Here is how the implementation looks:

fn parse_select(&mut self) -> Result<Ast, ParseError> {
    self.expect_keyword("select")?;
    let projection = self.expect_projection()?;
    self.expect_keyword("from")?;
    let table_name = self.expect_identifier()?;
    let where_clause = self.maybe_where_clause()?;
    let order_by = self.maybe_order_by()?;
    let limit = self.maybe_limit()?;
    let _ = self.eat_if(|token| token.is_semicolon());

    Ok(Ast::Select {
        table_name: table_name.to_string(),
        projection,
        where_clause,
        order_by,
        limit,
    })
}

fn maybe_where_clause(&mut self) -> Result<Option<WhereClause>, ParseError> {
    let is_where_clause = self.eat_if(|token| token.is_keyword("where"));
    if is_where_clause {
        let where_clause = self.expect_clause()?;
        return Ok(Some(where_clause));
    }
    Ok(None)
}

fn expect_clause(&mut self) -> Result<WhereClause, ParseError> {
    let column_name = self.expect_identifier()?;
    let operator = self.expect_operator()?;
    let literal = self.expect_literal()?;

    Ok(WhereClause::Comparison {
        column_name,
        operator,
        literal,
    })
}

fn expect_operator(&mut self) -> Result<Operator, ParseError> {
    match self.cursor.next() {
        Some(token) => Operator::from_token(token),
        None => Err(ParseError::UnexpectedEndOfInput),
    }
}

fn expect_literal(&mut self) -> Result<Literal, ParseError> {
    match self.cursor.next() {
        Some(token) => Literal::from_token(token),
        None => Err(ParseError::UnexpectedEndOfInput),
    }
}

Understanding the Baseline Parser

This code reflects a direct translation of our simple grammar.
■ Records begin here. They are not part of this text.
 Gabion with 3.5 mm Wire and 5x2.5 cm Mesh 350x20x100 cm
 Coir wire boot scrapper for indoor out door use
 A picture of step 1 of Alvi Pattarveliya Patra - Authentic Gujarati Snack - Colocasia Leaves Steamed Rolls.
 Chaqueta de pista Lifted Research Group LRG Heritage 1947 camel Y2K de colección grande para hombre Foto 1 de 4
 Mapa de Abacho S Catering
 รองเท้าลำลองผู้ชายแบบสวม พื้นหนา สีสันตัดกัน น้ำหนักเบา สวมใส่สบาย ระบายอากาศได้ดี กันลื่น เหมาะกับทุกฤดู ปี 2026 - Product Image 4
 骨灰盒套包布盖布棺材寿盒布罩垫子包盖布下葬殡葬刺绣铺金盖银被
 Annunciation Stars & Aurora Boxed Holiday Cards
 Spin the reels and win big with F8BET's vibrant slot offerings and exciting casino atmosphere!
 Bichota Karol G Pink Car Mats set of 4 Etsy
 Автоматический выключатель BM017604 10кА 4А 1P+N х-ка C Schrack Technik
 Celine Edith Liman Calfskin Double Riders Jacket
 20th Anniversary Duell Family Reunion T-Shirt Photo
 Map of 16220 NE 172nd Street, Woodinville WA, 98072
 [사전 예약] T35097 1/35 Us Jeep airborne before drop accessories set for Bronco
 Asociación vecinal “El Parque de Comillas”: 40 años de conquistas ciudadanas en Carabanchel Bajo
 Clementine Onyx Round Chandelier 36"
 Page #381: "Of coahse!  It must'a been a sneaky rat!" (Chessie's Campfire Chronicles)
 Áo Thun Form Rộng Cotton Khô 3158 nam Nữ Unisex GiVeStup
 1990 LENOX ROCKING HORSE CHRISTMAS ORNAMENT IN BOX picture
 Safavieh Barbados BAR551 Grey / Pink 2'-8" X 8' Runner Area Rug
Each function, like expect_projection or expect_keyword, corresponds to a specific rule.

At this stage:

  • parse_select acts as the orchestrator, calling sub-parsers in the exact sequence expected by the SQL syntax.
  • maybe_where_clause shows the “Maybe” pattern, it checks for the WHERE keyword and, if missing, returns Ok(None) instead of erroring.
  • expect_clause is completely linear. It expects exactly one identifier, one operator, and one literal. There is no concept of nesting or grouping yet.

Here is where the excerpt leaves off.